I’ve also heard you say that as a result of fencing injuries you have sort of an ever-growing exoskeleton on your arm?
[laughs] Only when I fence. I’ve broken my right index finger—the knuckle—a couple of times, once fencing and another time on a hand-pumped well at a farm. So I’ve picked up a lot of injuries that weakened the vertical strength of my forearm—or my hand, specifically. And in fencing you hold the weapon in such a way that a lot of the weight is actually sitting on your index finger. All another fencer would have to do is basically push down on my weapon and I couldn’t resist it. So I went to a hand clinic, and I got this molded plastic thing that slides over the upper part of my right hand, and that actually allows me to continue fencing. So that’s the only exoskeletal element that I can think of. [laughs]
I recently watched the documentary Reclaiming the Blade, which was about how ancient medieval swordfighting techniques were more effective than modern fencing. What do you think about that?

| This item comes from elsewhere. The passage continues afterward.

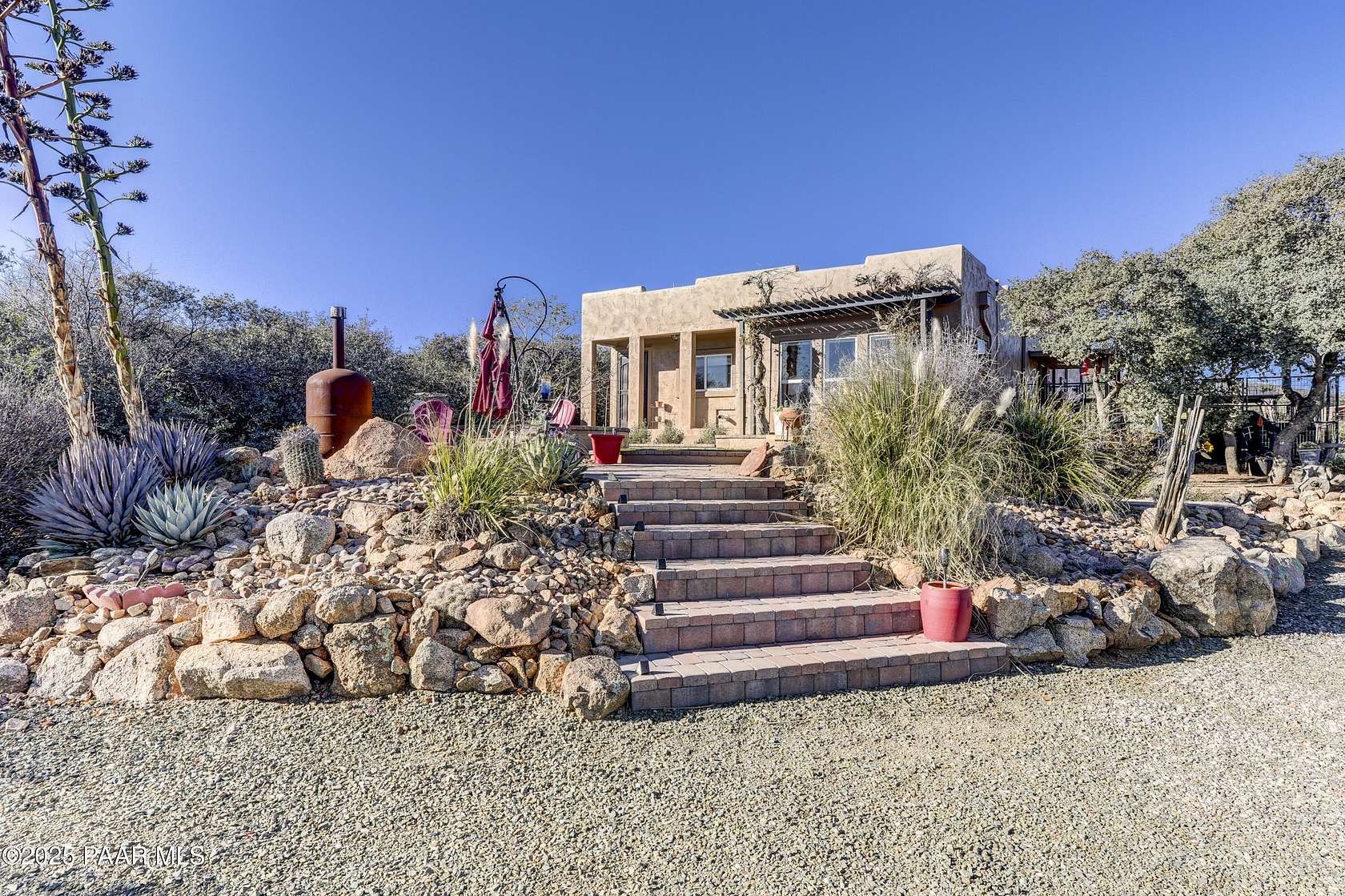 4 Acres of Residential Land with Home for Sale in Dewey-Humboldt, Arizona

Here in Victoria many years ago, I was invited to a Society for Creative Anachronism event, and there was period fencing. And I showed up with my épée, and was invited to a number of duels, including people with two weapons, and it may have just been that they weren’t particularly good, but I toasted them all using an Olympic style of fencing. I went away from that and thought, well, I suspect one of the reasons was that Olympic-style fencing is almost a perfection of the form, over centuries now, that moves away from some of the earlier styles of fencing that actually are probably not particularly useful. In Olympic-style fencing, the whole point of your positioning—you’re standing sideways to your target—is to reduce your own target area and also to reduce the amount of movement you need to defend that target area with your weapon.
Now, in fencing in the round—especially with two weapons, at least with people I’ve faced—opponents are mostly facing you head on, which means that their backward and forward movement is severely limited. I could lunge forward—or even step forward—much faster than they could back up, because they don’t have a back leg and a front leg, they have two legs sort of sitting side by side. And so I’m always a bit dubious when people say, “Well, this is the old style and it’s far more practical and efficient than the modern Olympic style.” I’m having trouble being convinced by it.
Are there any other new or upcoming projects you’d like to mention?
Well, I’m writing Fall of Light, which is the second in the Kharkanas trilogy. And while I was on a book tour these past few months, I did mess around with something that I think is going to show up this week on Tor.com. I did a Q&A for their Reaper’s Gale re-read, and at the end of my answers I added a Chapter 1 of something I’ve been working on. It’s more just having fun. I just had to let off some steam, and I’ll probably continue it. It’s a shorter science fiction novel.
And is there anything you can tell us about the Karsa Orlong trilogy that you’ll be writing after this one?
Not yet. I need to get the next two books out of the way in the Kharkanas trilogy, and then probably toward the end of writing the third one, I’ll start really putting my thoughts into the next trilogy.